When facing a limited budget for vehicle replacements, alternatives are available to simply extending the lifecycle of the vehicle. Dollars can be stretched further by:

  • Leveraging remarketing opportunities. Despite the challenges of today's financial conditions, there are opportunities for leveraging the current recession as part of the cycling plan. With many fleet managers extending vehicle replacement cycle, the result is a short-fall of lower-mileage used vehicles. This decreased supply - coupled with a lack of new product inventory - presents a rare opportunity for fleet managers to take advantage of a stronger-than-expected used-vehicle market
  • Body transfers and refurbs. Some fleets perform refurbs on specific types of chassis to improve overall lifecycle expenses. Body swaps are more common and necessary when the upfit is more customized than the chassis. This strategy can decrease capital expenditures.
  • Route optimization. When applicable, fleets may reduce miles driven through route optimization. This strategy frees up vehicles with remaining life for reassignment as replacements for aged units.
  • Long-term rentals. Vehicles without extensive upfitting can be substituted with long-term rentals - at least until the next year's budget allows replacement. This tactic reduces major maintenance expenses on vehicles that have reached the end of their lifecycle.
  • Proper financial analysis. This identifies when these options make fiscal sense in specific circumstances is necessary.

 

Managing Costs at Fleet & Vehicle Levels for Optimal Operations

Changing factors, including business, drivers, the automotive industry, and the economy, create the need to manage costs both at the fleet as well as the vehicle level to realize the optimal point of operation.

Extending vehicle cycles can be a short-term solution in tough economic times. Fleets taking a macro look at all costs and leveraging analytical tools can model and execute strategies that reduce costs with current or even reduced cycles.

These tools include:

Scorecarding. The ability to consolidate and trend all the historic costs factors into a single view to leverage with management is critical to understanding and communicating how fleet age impacts each cost category.     

Benchmarks. Peer and industry benchmarks provide insight into overall performance and help uncover potential changes to long-term strategy.
Lifecycle Optimization Modeling. Understanding the "what-if" of vehicle replacement must be leveraged with the overall projection of holding a vehicle.

By leveraging these tools, additional strategies emerge to help pinpoint the optimal replacement points, given the current demands.
Incentive Leverage. A fleet that orders more often can be in the position to leverage larger-volume incentives with manufacturers, generating lower capitalized costs.

Carbon Reduction. Many organizations focus on reduced emission levels, taking advantage of new technology sooner to achieve meaningful fuel efficiency and carbon reduction goals.

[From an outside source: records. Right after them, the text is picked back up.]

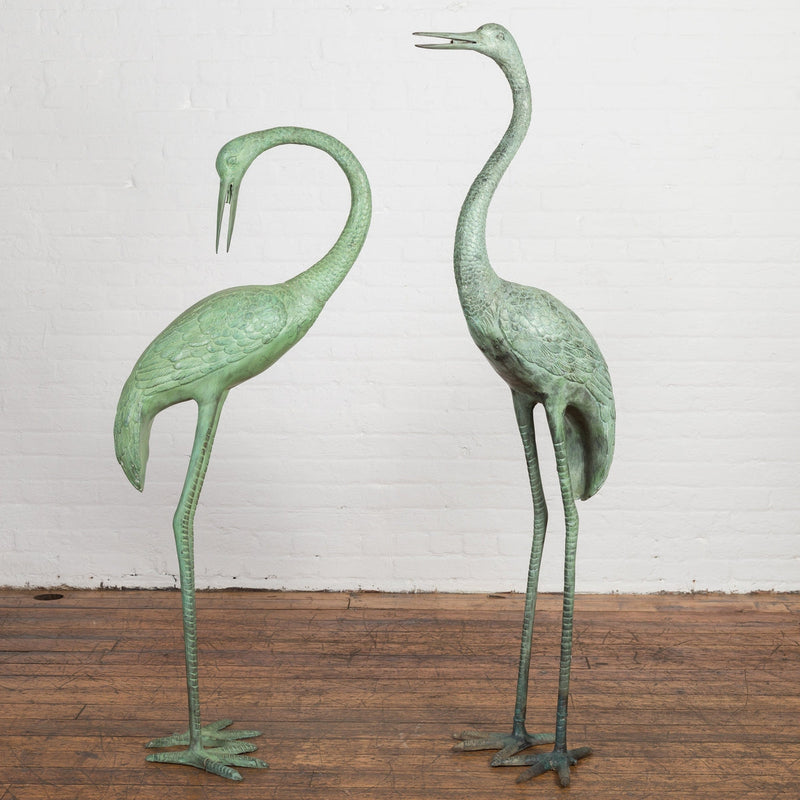 Pair of Mint Green Bronze Crane Fountain Statues-RG1166-6. Asian & Chinese Furniture, Art, Antiques, Vintage Home Décor for sale at FEA Home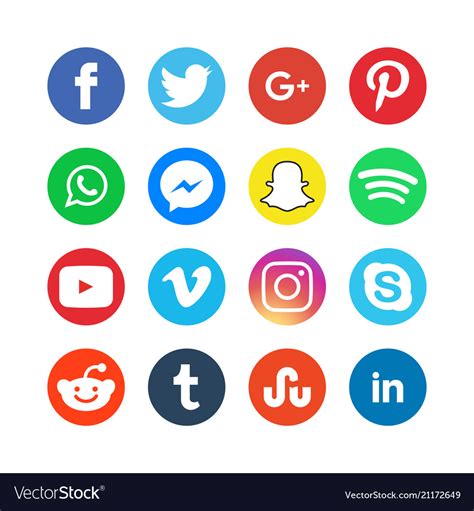 Collection Of Social Media Icons Royalty Free Vector Image
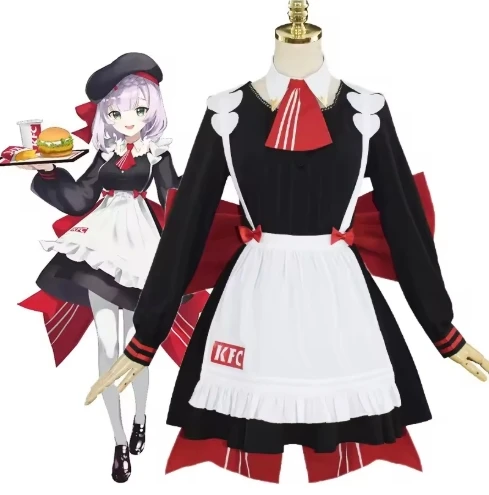 Anime Game Genshin Impact Collaboration Noelle Cosplay Costume, Maid Lolita fur s, Kawaii Uniform, Halloween Girl Tablier Hat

Vehicle Right-Sizing. Influenced by economic and environmental factors, many fleets select smaller vehicles with more efficient engines and lower capitalized costs.

Equity Position. The difference between a vehicle's fair market value and the remaining depreciated book value is equity, which can be leveraged in the future fleet operations. Currently, used-vehicle inventories are at favorable lows, with fleet sales now the largest supplier of vehicles to the used-vehicle marketplace.